The School of Mines in Reefton, New Zealand (1887–1970) was one of a number of mining schools set up to teach the science of mining during the 19th century gold rush. Like the Thames School of Mines it is a Heritage New Zealand Category 1 listed historic building.

== History ==
The Reefton Mining Institute was formed in March 1885. In the same year Professor James Gow Black from the University of Otago commenced lecturing there and an application was made to the government for a School of Mines building; land was granted in Shiel St. The building was opened in 1887.

The purpose of the school was to teach the science related to mining, both theory and practice. Subjects such as mathematics, surveying, chemistry and assaying were taught.
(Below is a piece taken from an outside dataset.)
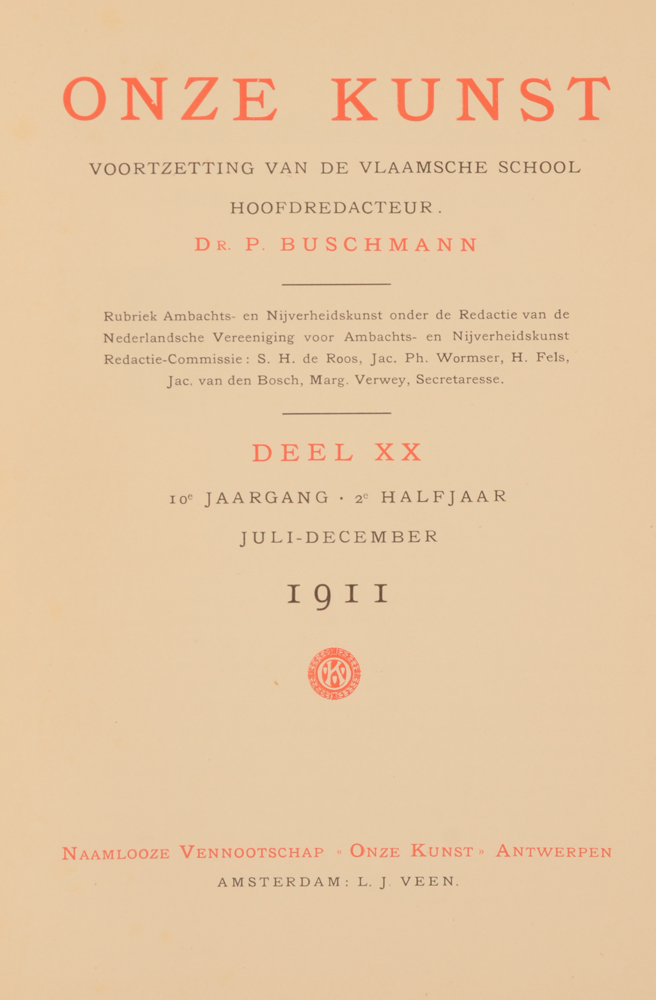 Onze Kunst 1911 — Title page of 2nd half year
=== Directors of the School ===

- Thomas Fenton, 1886–1890
- John Joseph Woodmass Lee, 1899–1902
- Thomas Otto Bishop, 1902–1903
- John Henderson, 1903–1911
- John Francis McPadden, 1911–1915
- John Herbert Williamson, 1915–1917
- Sydney Arthur Alexander Fry, 1917–1919
- John Francis McPadden, 1919–1920
- John Joseph Woodmass Lee, 1920–1927
- Lionel William Stevens, 1930–1938
- Leslie Clifton, 1938
- William James Bolitho, 1938–1970

Other Schools of Mines were set up in Coromandel, Waikato, West Coast, Nelson and Otago.
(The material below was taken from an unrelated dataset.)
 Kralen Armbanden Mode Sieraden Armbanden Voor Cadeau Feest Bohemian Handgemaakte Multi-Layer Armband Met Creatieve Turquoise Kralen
The school closed in 1970 when the then director Jim Bolitho retired. The building was then used by the St John's Ambulance from 1972 to 1989 when the Reefton School of Mines Historic Reserve was created.

== Current status ==
Since 1990 the building has been registered by Heritage New Zealand as a Category I structure, with registration number 263.